Sharing: throw things in a Dropbox folder, get a quick link. Better than email for giant files, and usually works ok for everyone.

IFTTT: there’s all manner of cool automated things you can do with IFTTT, a web service that aggregates other web services to do some nerdy heavy lifting for you. I’m currently pulling all my Instagram shots in automatically, as well as Facebook pics I’ve been tagged in. I also have something set up to automatically forward a document from my iPhone to a folder specified by me in Dropbox, but I don’t really find myself using it. Still, it’s cool and it’s just scratching the surface.

iPhoto: I wouldn’t recommend trying to point multiple machines’ iPhoto installs to one library you keep in Dropbox (seems to have issues, YMMV) but if you only have one machine on which you use iPhoto, it’s an easy way to back that giant file up (if you have the space).

I could go on and on. When I record podcasts, they dump directly into a Dropbox folder from Audio Hijack. I keep a folder just to sync stuff between my MBP and my Mac mini server at home if I need to. A different folder to share things with my wife and her MBP. The possibilities are nearly limitless, and growing every day. It’s a fantastically reliable and functional tool I’ve grown to rely on. I’d hate to go back to computing without it.

If you’ve got a great way to use Dropbox, I’d love to hear it.

Twitter | App.net

Un-simplified, and happy.

I recently talked about my intentions to simplify my workflows by using the default Apple apps on iOS and the Mac (Notes, Reminders, etc.) as replacements for the many apps I like to jump between. My goal was to see if by just letting go of my need to tinker with the connective tissue between parts of my workflows I could improve both my base anxiety level (derived not from fear, but from a constant feeling of “could I be doing this more effectively?”) and my ability to focus more on the “work” and less on the “flow” overall.
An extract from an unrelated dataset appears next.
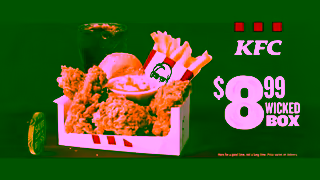 KFC Bowling Club Ad Commercial Brand Imagery Photoshoot 2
I stuck with it for several weeks, and the results are in.

It’s… not for me.

The short version: between heavy-handed interfaces and iCloud flakiness, I gave up because I felt that I was neither gaining relief from the productivity improvement demons nor was I focused on my work. Instead, I was waiting for the other iCloud shoe to drop (data loss) and talking myself into the idea that this was good enough for me, when the truth of the matter was that it really isn’t.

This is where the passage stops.